GIVEN DATA
★ ★ ★ ★

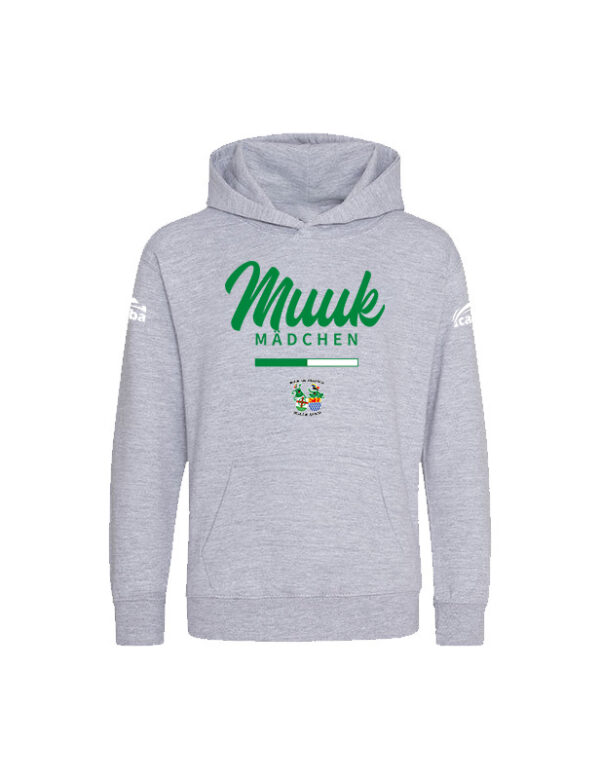 Team-Mädchen Hoodie – Bild 2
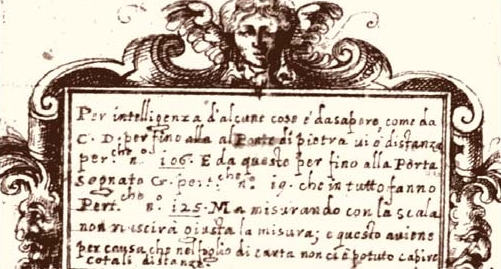 Gli antichi bastioni di Cesenatico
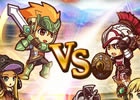Amebaにて配信予定のゲーム「イグドラシル戦記 ～世界樹の騎士団～」で「100万コイン争奪騎士団バトル」が開催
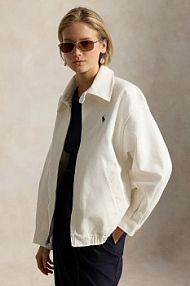 Kurtka Polo Ralph Lauren  beżowa damska 211A96311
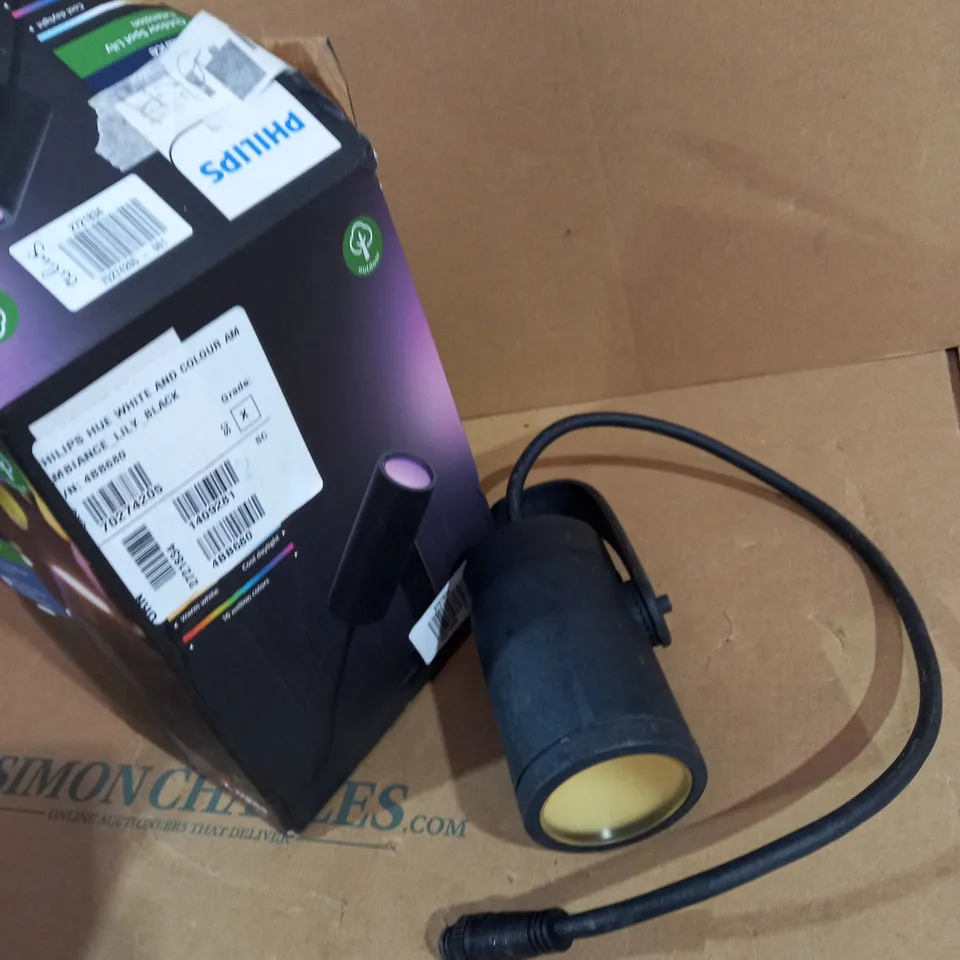 PHILIPS OUTDOR SPOT LILT EXTENSION 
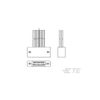 Rectangular Cable Assemblies - STM025SC2DC012N-ND - DigiKey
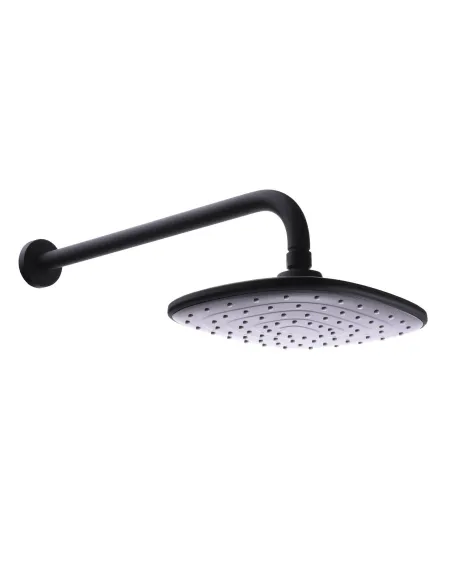 Смеситель для душа скрытого монтажа Topaz Sardinia TSG 08205-G-H20-BL с душевым набором - 5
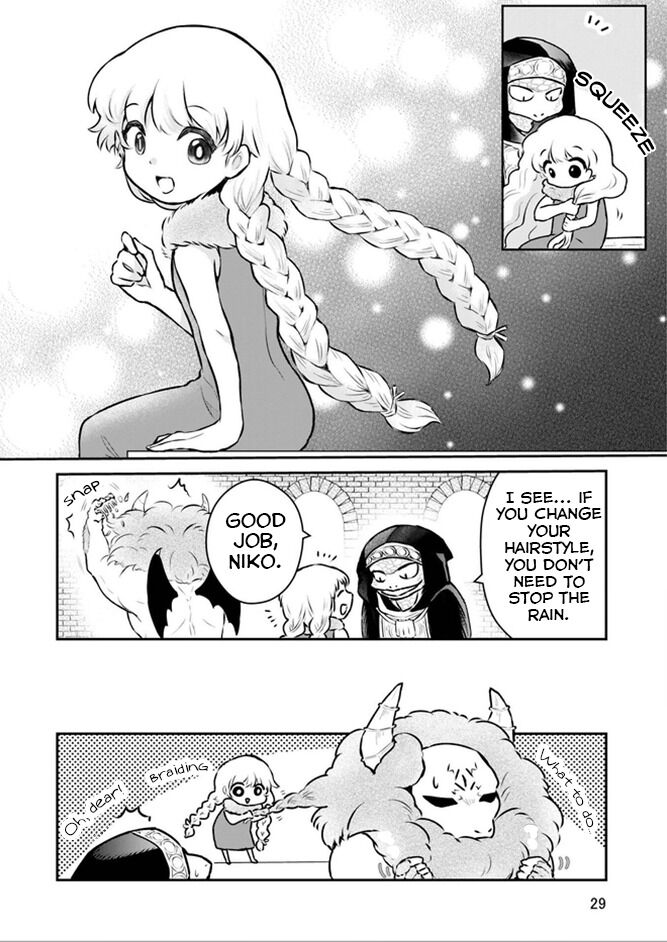 The Human-Hating Demon Lord Has No Mercy For Little Girls Chapter 8 #3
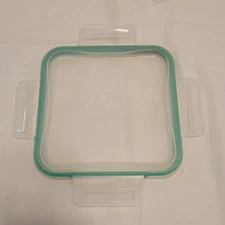 Snapware Pyrex Replacement Airtight Lid ~ 6.5 Square Storage Cover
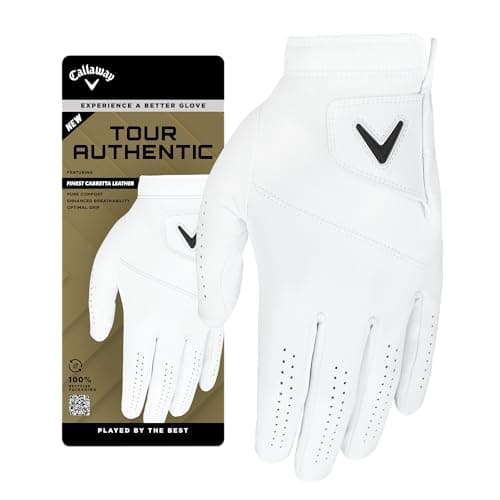 $15.23 | Callaway Golf Tour Authentic Glove at Amazon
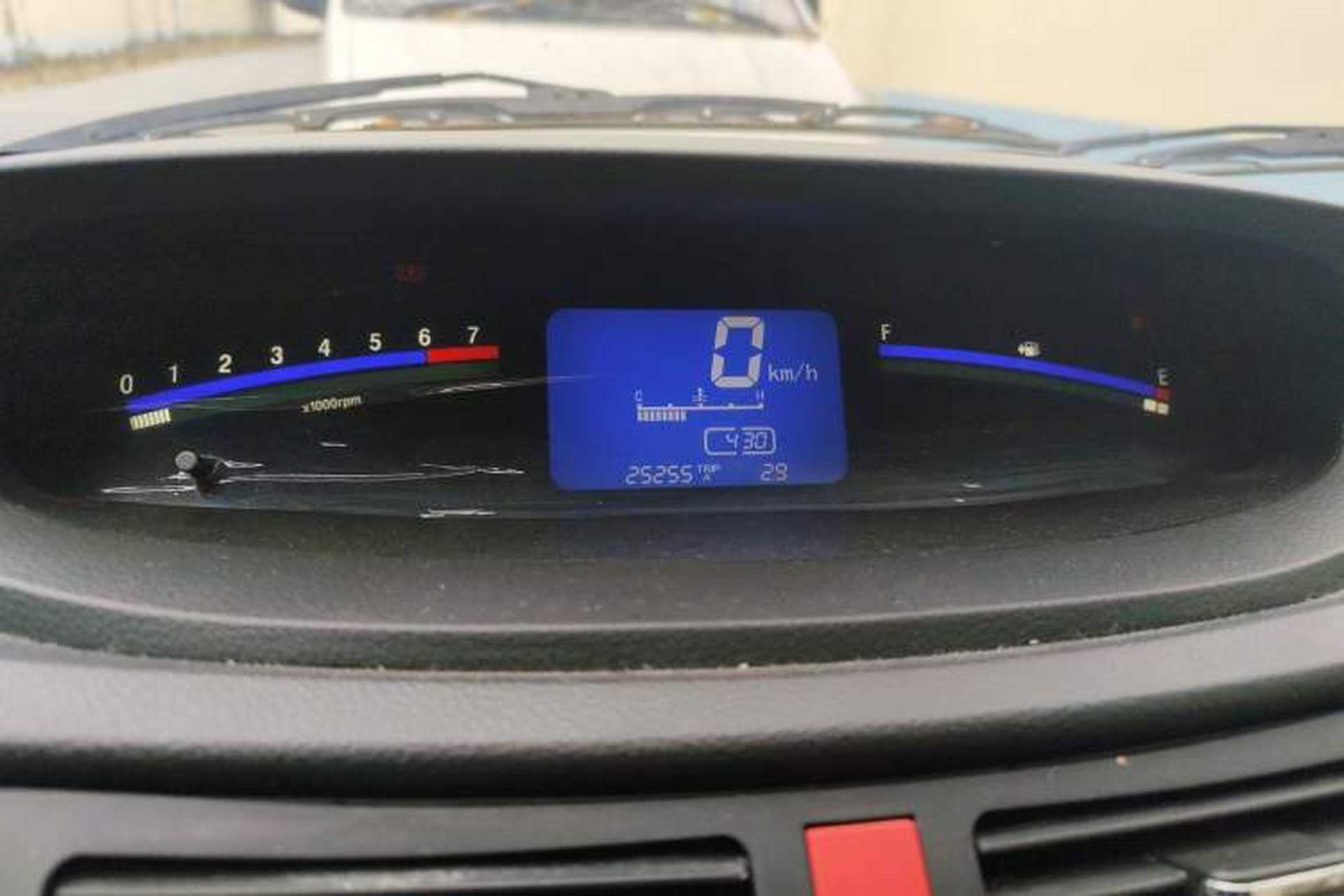 Used FORTHING Joyear SUV 2012 1.6L Luxury Model Instrument Cluster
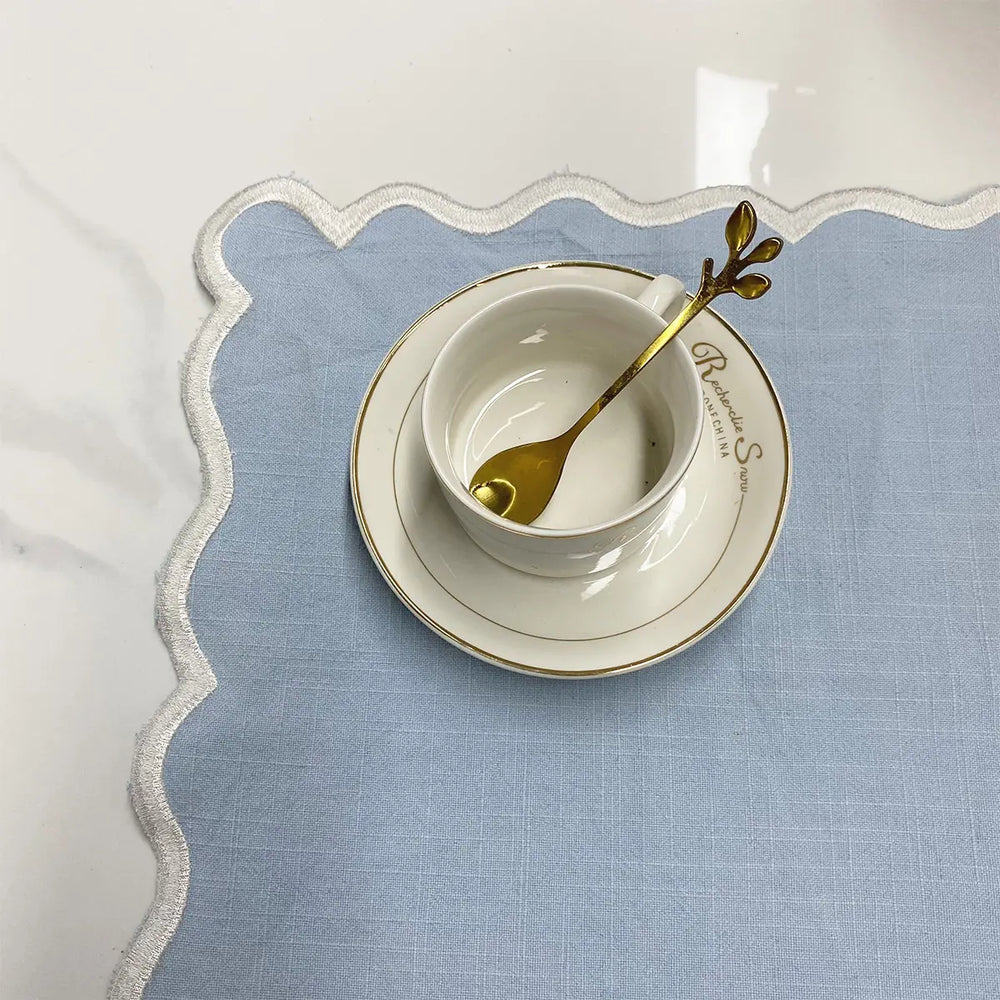  Durable Table Napkins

★ ★ ★ ★

AIM OF THE EXERCISE
A verbatim transcript of the entries above is required, with the pictures left out.

EXERCISE OUTPUT
 Team-Mädchen Hoodie – Bild 2
 Gli antichi bastioni di Cesenatico
Amebaにて配信予定のゲーム「イグドラシル戦記 ～世界樹の騎士団～」で「100万コイン争奪騎士団バトル」が開催
 Kurtka Polo Ralph Lauren  beżowa damska 211A96311
 PHILIPS OUTDOR SPOT LILT EXTENSION 
 Rectangular Cable Assemblies - STM025SC2DC012N-ND - DigiKey
 Смеситель для душа скрытого монтажа Topaz Sardinia TSG 08205-G-H20-BL с душевым набором - 5
 The Human-Hating Demon Lord Has No Mercy For Little Girls Chapter 8 #3
 Snapware Pyrex Replacement Airtight Lid ~ 6.5 Square Storage Cover
 $15.23 | Callaway Golf Tour Authentic Glove at Amazon
 Used FORTHING Joyear SUV 2012 1.6L Luxury Model Instrument Cluster
  Durable Table Napkins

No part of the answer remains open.